E che dire a proposito del giudizio riguardo le associazioni di volontariato oncologico sull’offerta delle cure: a livello nazionale il 51,3% delle associazioni esprime un giudizio molto o abbastanza positivo sull’operato della sanità in ambito oncologico, ma al Nord è il 64,2% delle associazioni a dare un giudizio positivo, solo il 46,5% al Centro e meno del 29% al Sud.
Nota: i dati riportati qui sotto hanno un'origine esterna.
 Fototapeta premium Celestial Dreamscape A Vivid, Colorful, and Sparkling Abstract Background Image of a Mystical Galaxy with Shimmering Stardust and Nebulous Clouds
Le associazioni esprimono giudizi particolarmente positivi per la terapia farmacologica (quasi il 93% definisce molto o abbastanza positiva questa prestazione), per la terapia chirurgica e radioterapica (72,6%) e per la diagnostica (71,6%); molto meno positivi i giudizi relativi alla prevenzione (è poco più del 48% a dare un giudizio molto o abbastanza positivo) e alla riabilitazione (42%); ancora più bassi quelli per l’assistenza domiciliare, valutata positivamente dal 34%, e per l’informazione, con il 33,7% di giudizi positivi.
E in un Italia che, purtroppo, ancora oggi troppe volte viaggia a due, se non addirittura tre diverse velocità, c’è da rilevare, sempre secondo l’indagine del Censis, che al Sud e nelle Isole il supporto psicologico, che nelle neoplasie riveste sempre di più un momento importante della terapia, è ancora eccessivamente carente, almeno quello dispensato dalle A.S.L. visto che beneficiarne sono circa 12 pazienti su 100, al Nord la percentuale si avvicina al 40%, senza considerare che le Associazioni denunciano anche una notevole difficoltà nell’accedere ai servizi da elargire, quasi 64 persone su 100 lamenta la scarsa trasparenza delle informazioni ricevute a proposito dei medici o degli Enti competenti cui rivolgersi e per il 57,6% esiste carenza di psicologi nel Servizio sanitario locale.
Resta comunque alla figura dello specialista oncologo il ruolo centrale di chi si pone di fronte ad un malato neoplastico e che di fatto fornisce a lui la maggior parte delle informazioni riguardo al suo stato di salute e sulle prospettive future che gli si paleseranno, mentre in ambito socio-assistenziale sono le associazioni a rappresentare la fonte più importante di informazioni.
Una delle misure più utili per affrontare organicamente il problema delle disparità sul piano nazionale è, suggerisce la ricerca, la sollecita approvazione del Piano Oncologico Nazionale, prevista da norme di legge ad oggi inapplicate.